Start of Supplied records

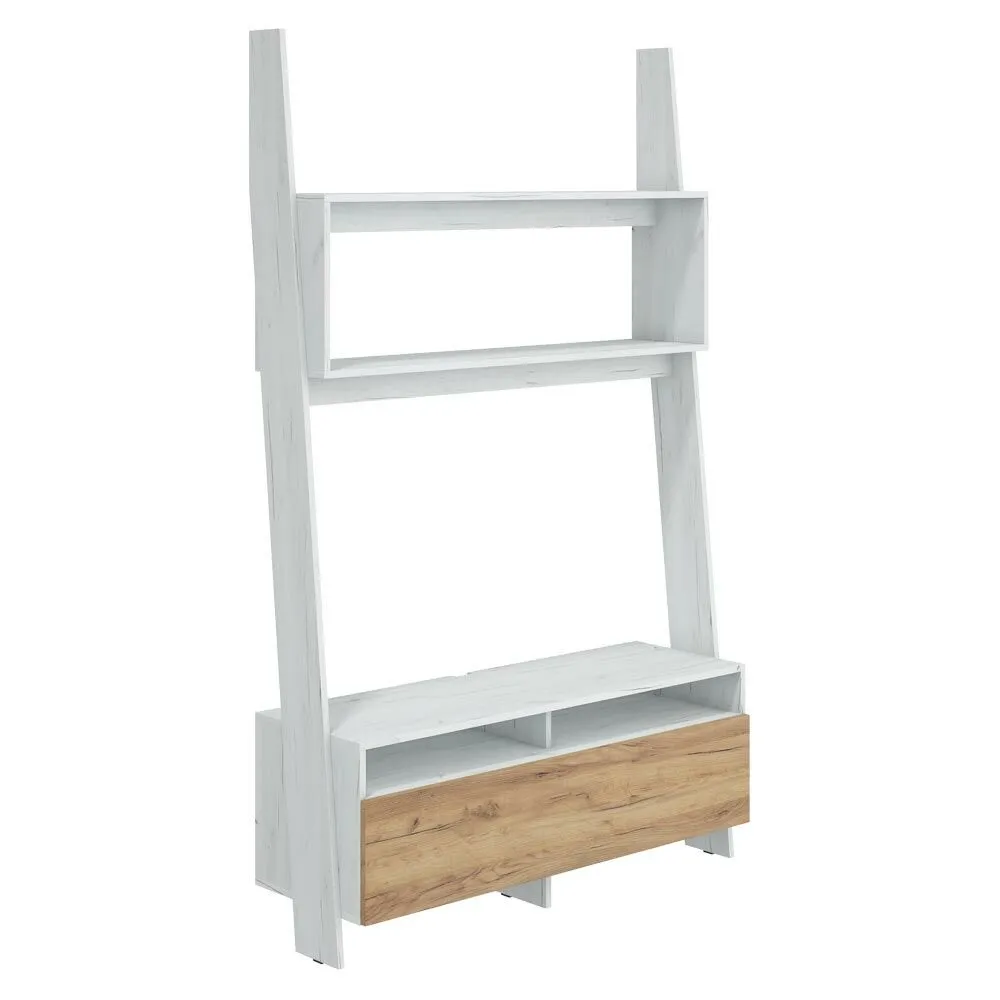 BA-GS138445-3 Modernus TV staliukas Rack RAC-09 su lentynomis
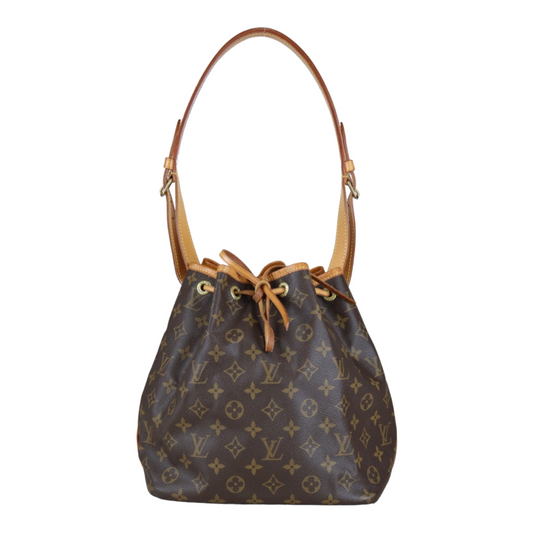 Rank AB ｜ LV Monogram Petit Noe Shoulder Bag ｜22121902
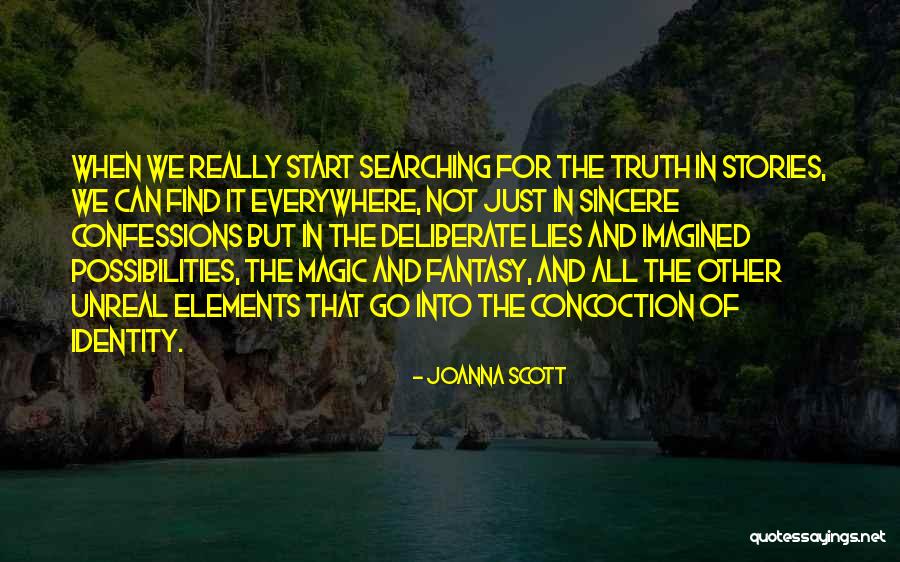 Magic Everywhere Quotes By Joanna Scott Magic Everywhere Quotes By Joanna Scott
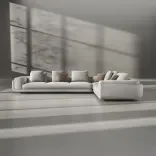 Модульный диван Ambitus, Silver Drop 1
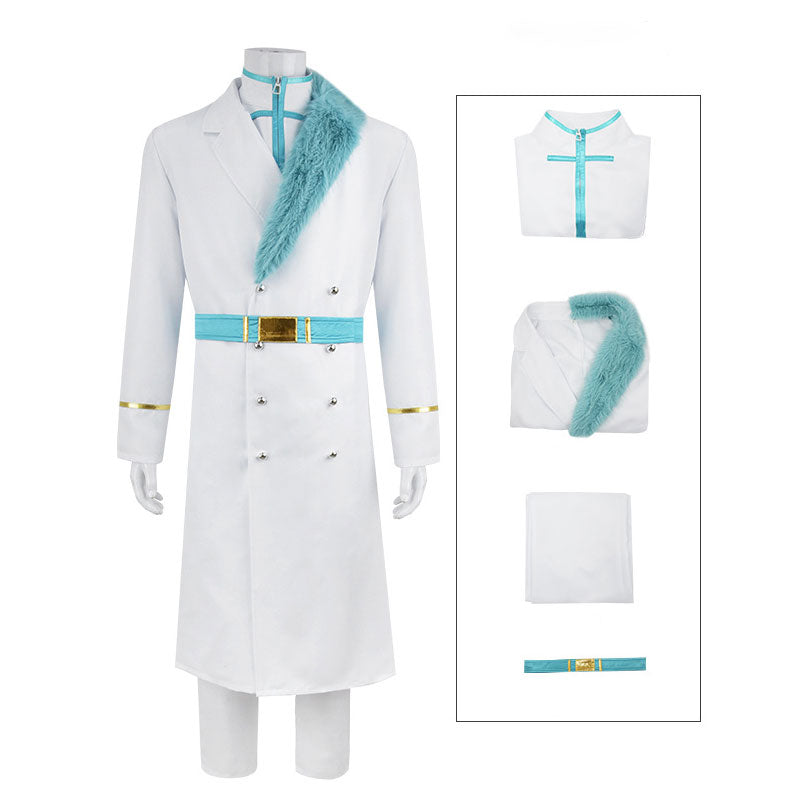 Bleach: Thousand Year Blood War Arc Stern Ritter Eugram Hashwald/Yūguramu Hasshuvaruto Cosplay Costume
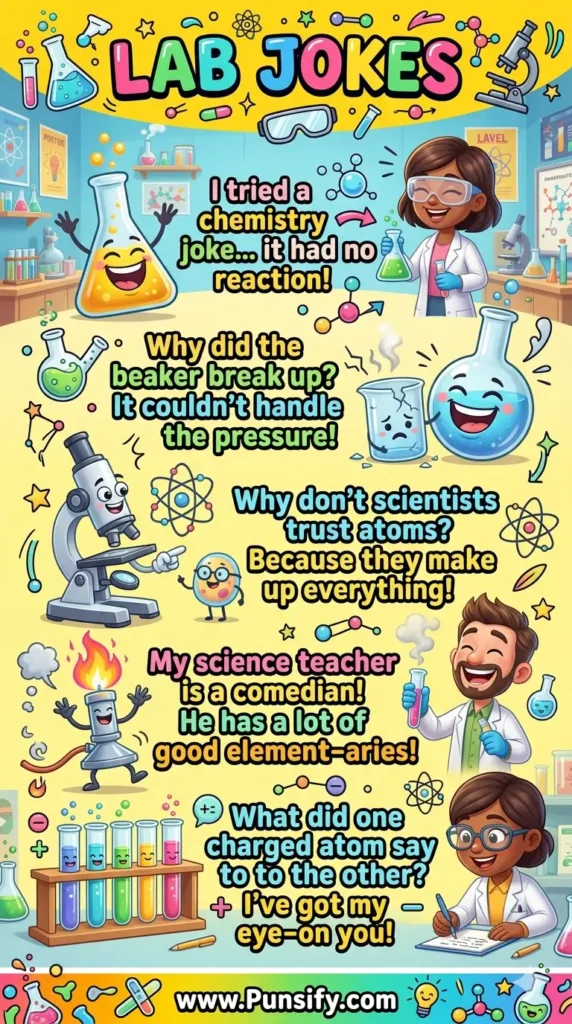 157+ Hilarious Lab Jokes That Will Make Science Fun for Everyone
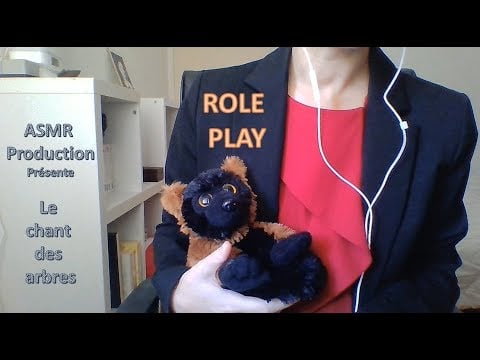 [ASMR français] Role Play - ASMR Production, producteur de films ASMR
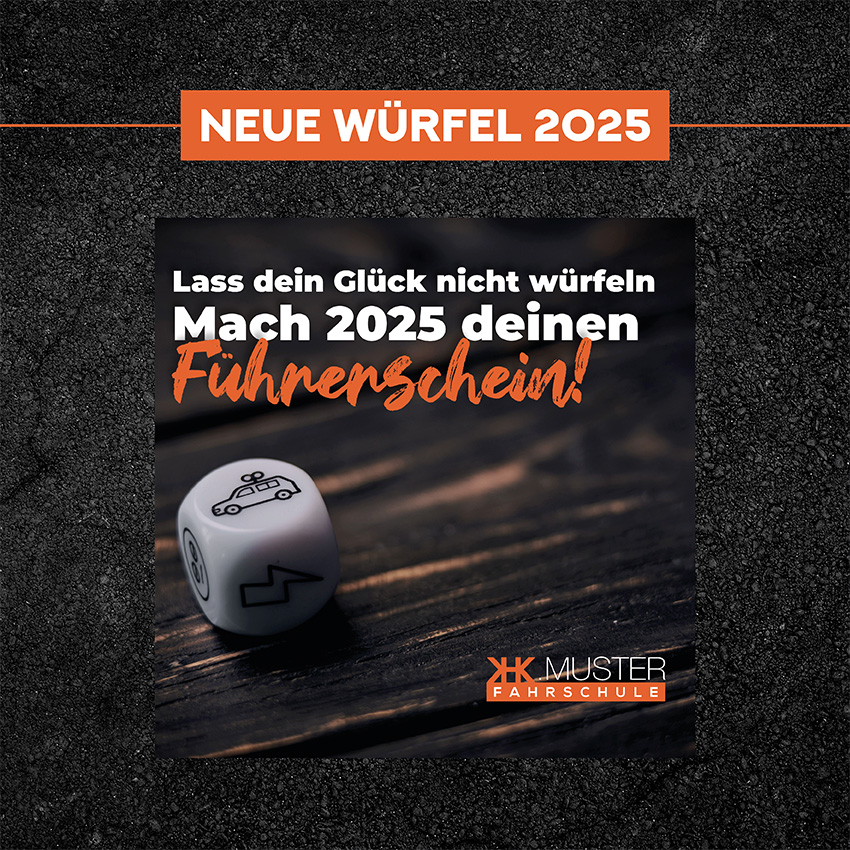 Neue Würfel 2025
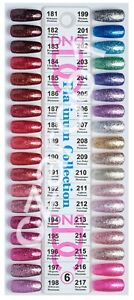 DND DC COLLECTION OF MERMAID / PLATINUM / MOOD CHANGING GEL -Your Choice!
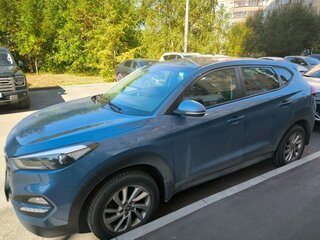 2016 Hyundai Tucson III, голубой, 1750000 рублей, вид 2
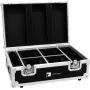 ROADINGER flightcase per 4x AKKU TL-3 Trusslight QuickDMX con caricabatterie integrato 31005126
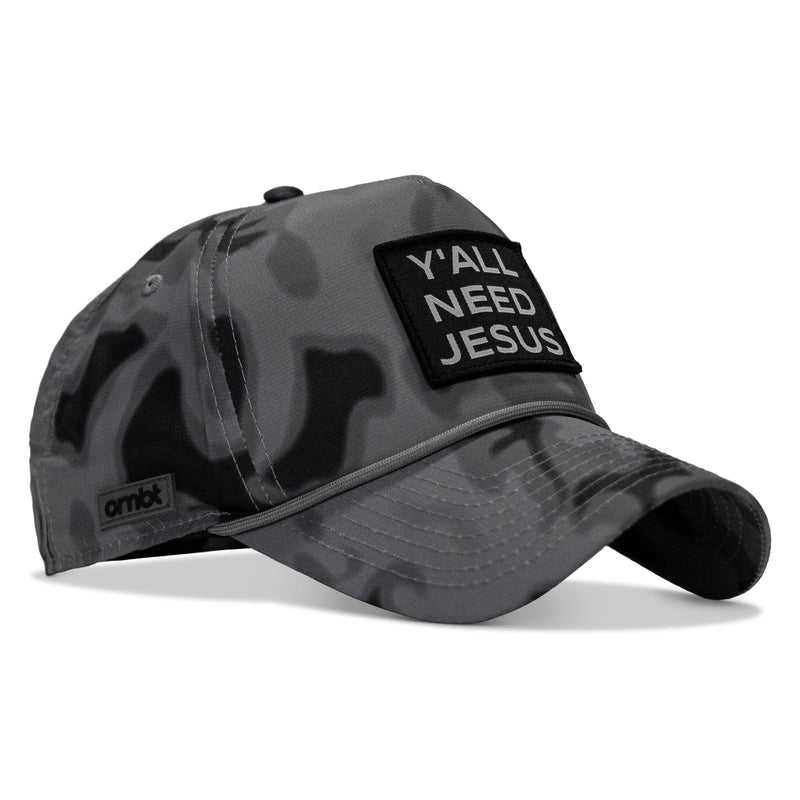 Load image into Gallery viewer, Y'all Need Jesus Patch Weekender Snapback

End of Supplied records

▸ **Problem details**
In the records above, the lines from the one containing "157+ Hilarious Lab" through the last line are to be written out exactly, both ends included and pictures omitted.

▸ **Exercise response**
 157+ Hilarious Lab Jokes That Will Make Science Fun for Everyone
 [ASMR français] Role Play - ASMR Production, producteur de films ASMR
 Neue Würfel 2025
 DND DC COLLECTION OF MERMAID / PLATINUM / MOOD CHANGING GEL -Your Choice!
 2016 Hyundai Tucson III, голубой, 1750000 рублей, вид 2
 ROADINGER flightcase per 4x AKKU TL-3 Trusslight QuickDMX con caricabatterie integrato 31005126
 Load image into Gallery viewer, Y'all Need Jesus Patch Weekender Snapback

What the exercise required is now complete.